The origin of jaundice in babies, which is more prevalent in premature babies, is due to a buildup of the chemical bilirubin and is normally removed by the liver. Prior to the birth of the baby, bilirubin is sent via the umbilical cord and removed by the mother’s body. Once the baby is born, the liver has to remove the bilirubin and it can take a few days for a baby’s liver to function as it should. All newborn babies show high levels of bilirubin and about 60% of full term babies will display noticeable symptoms. There is no need to worry if the baby has mild jaundice and is full term and healthy as this will resolve itself. If the baby is premature or sick and has particularly high levels of bilirubin the baby will require to be monitored and treatment will be necessary.
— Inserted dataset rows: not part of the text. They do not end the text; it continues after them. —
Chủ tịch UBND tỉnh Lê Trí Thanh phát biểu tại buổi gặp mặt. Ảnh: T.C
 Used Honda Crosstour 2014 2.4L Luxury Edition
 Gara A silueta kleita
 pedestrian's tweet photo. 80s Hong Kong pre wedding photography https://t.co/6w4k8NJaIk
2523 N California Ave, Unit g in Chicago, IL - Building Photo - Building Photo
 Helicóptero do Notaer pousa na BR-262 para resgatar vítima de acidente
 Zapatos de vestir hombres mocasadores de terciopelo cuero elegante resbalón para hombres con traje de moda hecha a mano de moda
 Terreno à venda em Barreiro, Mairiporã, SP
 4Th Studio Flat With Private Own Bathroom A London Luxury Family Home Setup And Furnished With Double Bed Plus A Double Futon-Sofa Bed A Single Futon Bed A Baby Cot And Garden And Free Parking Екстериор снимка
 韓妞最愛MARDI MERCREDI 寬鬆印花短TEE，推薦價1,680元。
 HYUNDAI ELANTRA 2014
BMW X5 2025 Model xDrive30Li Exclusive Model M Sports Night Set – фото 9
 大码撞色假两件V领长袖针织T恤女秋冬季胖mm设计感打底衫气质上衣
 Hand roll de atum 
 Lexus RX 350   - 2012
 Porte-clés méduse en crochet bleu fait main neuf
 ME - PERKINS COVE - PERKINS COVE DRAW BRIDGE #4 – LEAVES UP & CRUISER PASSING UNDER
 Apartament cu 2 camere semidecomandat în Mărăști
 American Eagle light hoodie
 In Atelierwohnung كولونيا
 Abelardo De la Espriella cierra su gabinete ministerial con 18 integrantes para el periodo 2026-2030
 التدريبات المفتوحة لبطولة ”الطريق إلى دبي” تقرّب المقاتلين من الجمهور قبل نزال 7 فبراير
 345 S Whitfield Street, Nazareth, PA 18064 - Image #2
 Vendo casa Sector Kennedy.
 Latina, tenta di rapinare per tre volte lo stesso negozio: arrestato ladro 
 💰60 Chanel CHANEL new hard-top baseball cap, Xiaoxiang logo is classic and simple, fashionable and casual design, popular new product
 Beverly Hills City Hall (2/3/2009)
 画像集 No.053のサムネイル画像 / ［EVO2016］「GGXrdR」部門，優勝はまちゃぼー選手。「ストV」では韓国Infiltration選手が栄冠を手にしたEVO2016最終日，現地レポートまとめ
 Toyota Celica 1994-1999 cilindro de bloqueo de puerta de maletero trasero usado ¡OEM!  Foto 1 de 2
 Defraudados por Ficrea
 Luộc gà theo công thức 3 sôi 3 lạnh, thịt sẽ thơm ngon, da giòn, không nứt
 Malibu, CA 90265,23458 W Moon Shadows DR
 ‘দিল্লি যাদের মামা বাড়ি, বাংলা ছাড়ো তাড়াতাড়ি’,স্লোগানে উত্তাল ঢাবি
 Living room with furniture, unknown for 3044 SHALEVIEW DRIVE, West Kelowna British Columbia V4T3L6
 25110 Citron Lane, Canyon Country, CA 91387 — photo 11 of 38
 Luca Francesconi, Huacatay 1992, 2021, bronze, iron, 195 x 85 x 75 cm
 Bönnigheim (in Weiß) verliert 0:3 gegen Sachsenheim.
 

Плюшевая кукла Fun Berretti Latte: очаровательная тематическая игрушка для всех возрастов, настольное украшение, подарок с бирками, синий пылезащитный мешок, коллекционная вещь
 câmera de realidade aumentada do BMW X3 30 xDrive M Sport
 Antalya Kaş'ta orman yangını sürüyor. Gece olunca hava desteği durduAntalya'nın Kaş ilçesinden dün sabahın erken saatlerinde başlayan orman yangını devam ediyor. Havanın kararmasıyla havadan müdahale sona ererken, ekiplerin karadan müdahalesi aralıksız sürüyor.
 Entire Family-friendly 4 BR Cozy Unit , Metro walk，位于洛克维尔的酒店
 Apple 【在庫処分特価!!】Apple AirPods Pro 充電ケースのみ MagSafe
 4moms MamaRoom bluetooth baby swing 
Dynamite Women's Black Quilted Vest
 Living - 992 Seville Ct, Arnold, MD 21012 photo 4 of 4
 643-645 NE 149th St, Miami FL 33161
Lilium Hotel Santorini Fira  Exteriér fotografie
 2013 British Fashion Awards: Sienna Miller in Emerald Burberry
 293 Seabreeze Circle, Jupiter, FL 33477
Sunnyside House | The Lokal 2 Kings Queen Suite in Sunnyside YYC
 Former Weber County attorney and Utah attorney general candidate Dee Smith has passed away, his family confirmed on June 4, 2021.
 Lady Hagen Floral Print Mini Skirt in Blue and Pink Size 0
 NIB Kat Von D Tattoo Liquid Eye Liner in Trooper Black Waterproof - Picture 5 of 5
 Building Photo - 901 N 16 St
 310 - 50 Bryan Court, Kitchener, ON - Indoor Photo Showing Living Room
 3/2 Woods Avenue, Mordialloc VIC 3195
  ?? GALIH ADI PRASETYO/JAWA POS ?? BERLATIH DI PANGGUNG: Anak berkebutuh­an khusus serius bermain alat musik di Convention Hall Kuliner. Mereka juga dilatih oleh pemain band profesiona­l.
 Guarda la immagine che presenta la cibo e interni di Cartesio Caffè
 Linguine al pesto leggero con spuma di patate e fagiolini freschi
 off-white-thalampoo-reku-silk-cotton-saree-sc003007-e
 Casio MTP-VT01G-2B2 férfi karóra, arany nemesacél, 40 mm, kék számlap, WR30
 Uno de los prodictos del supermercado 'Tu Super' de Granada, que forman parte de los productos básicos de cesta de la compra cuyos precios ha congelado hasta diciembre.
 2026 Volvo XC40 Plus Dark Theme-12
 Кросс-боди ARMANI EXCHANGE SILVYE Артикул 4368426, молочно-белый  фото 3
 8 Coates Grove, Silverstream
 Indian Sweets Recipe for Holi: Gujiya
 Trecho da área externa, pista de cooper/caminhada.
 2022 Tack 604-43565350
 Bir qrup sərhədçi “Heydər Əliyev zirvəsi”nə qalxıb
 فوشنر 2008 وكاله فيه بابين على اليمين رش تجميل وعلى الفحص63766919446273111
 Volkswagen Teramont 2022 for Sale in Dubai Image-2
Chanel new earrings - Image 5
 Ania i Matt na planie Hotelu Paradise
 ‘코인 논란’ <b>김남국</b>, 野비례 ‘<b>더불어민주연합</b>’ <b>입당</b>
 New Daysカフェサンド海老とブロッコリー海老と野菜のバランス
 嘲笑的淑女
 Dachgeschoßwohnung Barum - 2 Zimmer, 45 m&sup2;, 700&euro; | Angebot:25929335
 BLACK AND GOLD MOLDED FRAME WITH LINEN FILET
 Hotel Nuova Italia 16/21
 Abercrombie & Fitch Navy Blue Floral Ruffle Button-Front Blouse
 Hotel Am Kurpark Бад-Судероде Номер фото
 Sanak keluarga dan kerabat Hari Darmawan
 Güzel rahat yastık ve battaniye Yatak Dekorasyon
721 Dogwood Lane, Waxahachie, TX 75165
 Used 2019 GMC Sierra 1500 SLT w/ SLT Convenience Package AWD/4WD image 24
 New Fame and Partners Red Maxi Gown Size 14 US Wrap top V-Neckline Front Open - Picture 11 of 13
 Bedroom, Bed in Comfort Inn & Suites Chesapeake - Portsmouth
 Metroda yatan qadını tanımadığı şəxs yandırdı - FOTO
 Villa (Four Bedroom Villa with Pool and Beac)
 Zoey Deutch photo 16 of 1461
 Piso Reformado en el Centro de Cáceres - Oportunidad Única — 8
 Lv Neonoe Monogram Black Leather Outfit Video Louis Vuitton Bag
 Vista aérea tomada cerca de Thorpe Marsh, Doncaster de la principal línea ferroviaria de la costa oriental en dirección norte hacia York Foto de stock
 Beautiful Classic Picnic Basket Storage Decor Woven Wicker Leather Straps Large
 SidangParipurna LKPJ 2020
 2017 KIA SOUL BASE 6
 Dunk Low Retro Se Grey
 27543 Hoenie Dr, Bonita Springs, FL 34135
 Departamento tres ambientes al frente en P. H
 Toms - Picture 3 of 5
Six out of ten newborn babies will develop jaundice which presents as a yellowish shade to the skin and the whites of the eyes have a yellow tinge. Signs and symptoms of jaundice in babies are dependent on the seriousness and origin. In a baby with moderate jaundice, the yellow shade spreads to the skin on the body. A baby with severe jaundice will have the yellowish color on the palms of their hands and the soles of their feet too. Other indications of jaundice in babies may be light colored faeces and dark urine dark along with unusual drowsiness and difficulties during feeding time.

There are other reasons for jaundice in babies developing which are not related to chemical causes. Discrepancies within Rhesus (Rh) and ABO blood groups can occur. Antibodies are produced by the mother during the late stages of pregnancy which attack the red cells of the baby. Red cells contain protein hemoglobin and damaged and old red cells are removed and broken down into their chemical component. When hemoglobin is used by the body bilirubin is produced and the liver helps to remove this as waste. As a result of this there is a possibility the baby may be born with anemia and severe jaundice can develop within hours.

Breast milk produces small amounts of colostrums in the first couple of days after the birth of the baby. Until the milk appears the limited amount of fluid received from breast feeding may delay the baby’s liver function. Particular enzymes in breast milk are thought to be a contributory factor in what is commonly known as ‘breast milk jaundice’.

Jaundice in babies can develop if the baby has neonatal hepatitis. This is caused by exposure to a viral infection either in the uterus or within its first months. Cytomegalovirus, rubella and hepatitis A, B and C can produce hepatitis in babies. Although the main causes are still unknown, in eight out of ten cases, viral infections are the main suspect.

Hereditary types of hemolytic anemia are autoimmune disorders whereby the immune system destroys the red blood cells and this is also another cause of jaundice in babies. This type of anemia can occur due to problems experienced by other disorders, e.g. malarial infection.

Galactosaemia can cause jaundice in babies. Galactose is a milk sugar and a baby with galactosaemia does not have the enzyme required to metabolize the galactose. In this case breast feeding would be stopped and specially made formulas would be used. Liver cirrhosis, and as a subsequence jaundice, can occur due to the high levels of milk sugar.

Biliary atresia requires surgery to attach a small section of the liver to the small intestine to enable the bile to drain successfully. After this surgery has been carried out, approximately 75% of patients’ bile flow will be good to moderate. A liver transplant is the alternative for the remaining 25%.